The respite was false, the oldest and most repeated trick that exists, although it never ceases to be effective. The calm of what seemed like the last cheerful and trivial scene of the film is broken with a shock that unleashes an exclamation of fear in the movie theater. The fallen body rises, staggering and even more ferocious. The radioactive dinosaur moves again under the ruins that seemed to have buried it forever. Trump loses the elections in 2020 and the defeat becomes a stolen victory for his faithful. Trump encourages nothing less than the assault on the Capitol and even his closest supporters fear that this time he has gone too far and lost the credit he had left, but the shameless support for that uprising makes him even more popular. Trump is tried for fraud, for electoral fraud, for sexual abuse, for tax crimes, and each of these episodes convinces millions of evangelical believers that he is a victim of persecution by the powerful and the wicked, and they compare him to Jesus Christ scourged and innocent in the court of Pontius Pilate.

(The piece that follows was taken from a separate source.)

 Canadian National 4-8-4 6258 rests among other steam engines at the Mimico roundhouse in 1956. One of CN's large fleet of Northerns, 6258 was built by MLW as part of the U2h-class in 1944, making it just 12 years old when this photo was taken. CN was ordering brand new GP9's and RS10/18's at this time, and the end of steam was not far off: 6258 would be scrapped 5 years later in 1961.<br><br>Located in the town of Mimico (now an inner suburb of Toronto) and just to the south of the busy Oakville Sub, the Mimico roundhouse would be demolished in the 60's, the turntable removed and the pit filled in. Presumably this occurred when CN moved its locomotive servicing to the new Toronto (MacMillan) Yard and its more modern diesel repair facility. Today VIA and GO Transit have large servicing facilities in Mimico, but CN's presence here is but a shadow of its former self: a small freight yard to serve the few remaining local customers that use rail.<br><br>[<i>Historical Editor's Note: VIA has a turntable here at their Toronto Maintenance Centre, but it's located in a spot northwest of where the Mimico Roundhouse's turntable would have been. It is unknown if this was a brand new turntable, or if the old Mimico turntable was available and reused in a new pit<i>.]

Trump has spent his life flaunting his sexual promiscuity, his infidelities and divorces, his physical and verbal rudeness with women: for evangelical Christians he is like King David, who was an adulterer and yet served God and enlarged himself. the military glory of the kingdom of Israel; He is also like King Cyrus the Great, who was an idolater and a sinner, but, as told in the book of Isaiah, he allowed the Hebrew people to return to their land from the Babylonian captivity. One reason why it is difficult for a European to understand the United States is the impossibility of getting an idea of the weight exerted on many millions of people by the bloody religiosity of the Old Testament and the delusions of the book of Revelation, read and accepted in a certain sense. literal. For all those people, in a country so divided, the elections are not going to be a dispute between Democrats and Republicans, but between Good and Evil, with their terrifying capital letters. There is a video, very popular among evangelicals, in which a deep voice thunders over an image of planet Earth in space and repeats it with a cadence of biblical recitation. And God gave us Trump. Terror has never been so mixed with the grotesque. The nightmares of reality have made the worst fantasies of cinema irrelevant. In his new metamorphosis, in his unprecedented reincarnation, the threatening creature that returns turns out to be the Messiah.